Numbers is the ninth studio album, and the first concept album by singer/songwriter Cat Stevens released in November 1975.

History of the album
The album Numbers, subtitled "A Pythagorean Theory Tale," was based on a fictional planet in a far-off galaxy named Polygor. The album included a booklet with excerpts from a planned book of the same name written by Chris Bryant and Allan Scott. The booklet features pen-and-ink illustrations drawn by Stevens.

The concept of the album is a fantastic spiritual musical which is set on the planet Polygor. In the story there is a castle with a number machine. This machine exists to fulfill the sole purpose of the planet – to disperse numbers to the rest of the universe: 1, 2, 3, 4, 5, 6, 7, 8, and 9 (but notably not 0). The nine inhabitants of Polygor, the Polygons, are Monad, Dupey, Trezlar, Cubis, Qizlo, Hexidor, Septo, Octav, and Novim. As the first lines of the book say, they "followed a life of routine that had existed for as long as any could remember. ... It was, therefore, all the more shocking when on an ordinary day things first started to go wrong."  The change takes the form of Jzero, who comes from nowhere as a slave and eventually confuses everybody with his simple truth.

Release
Upon its initial release in late 1975 both fans and critics were confused by the concept and the lack of the sort of "catchy" music that they had been used to from Stevens, and although the album eventually achieved gold status, it sold far less than his previous four albums and was considered a critical failure. At one point A&M Records (his American record label) contemplated terminating his contract, but he still had two albums left to make for them. Stevens continued to be bitter about the process of fame and the pressures to make money for his label, and distanced himself from participating in promotion for the album.

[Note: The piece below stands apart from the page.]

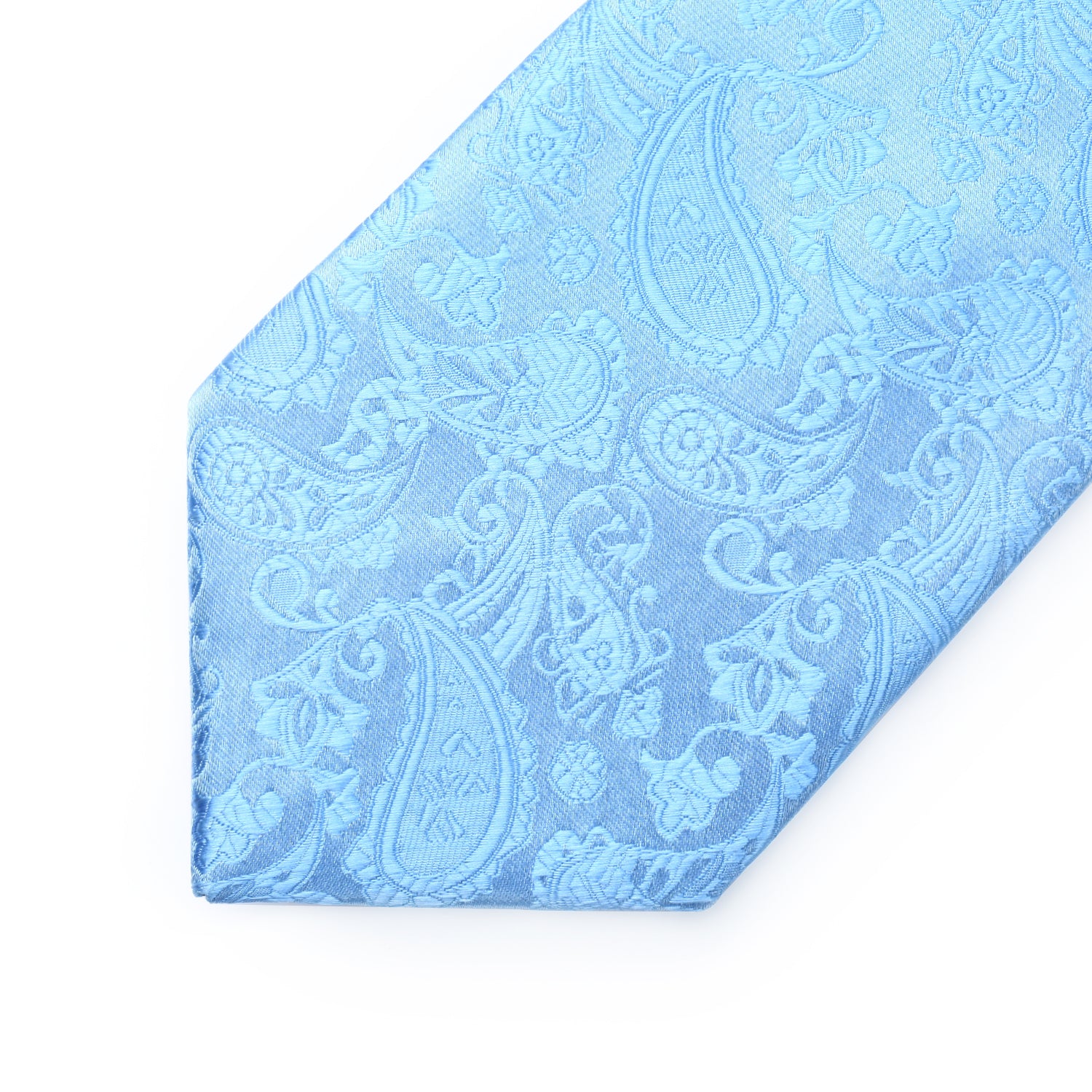 Paisley Floral Tie Handkerchief Set - D6-BABY BLUE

Confronted with an ultimatum from the label along the lines of "make a pop record or else," he set out to make one of the more expensive records of his career, 1977's Izitso, which yielded several hits. The success of Izitso showed the label that he was still hit-worthy, but Stevens was now in process of embracing the faith of Islam, and after supplying the album Back to Earth, he opted out of the music business altogether, changed his name to Yusuf Islam, and devoted himself to the Islamic faith, education, and humanitarian work. But he would officially return to pop music with the release of An Other Cup in 2006.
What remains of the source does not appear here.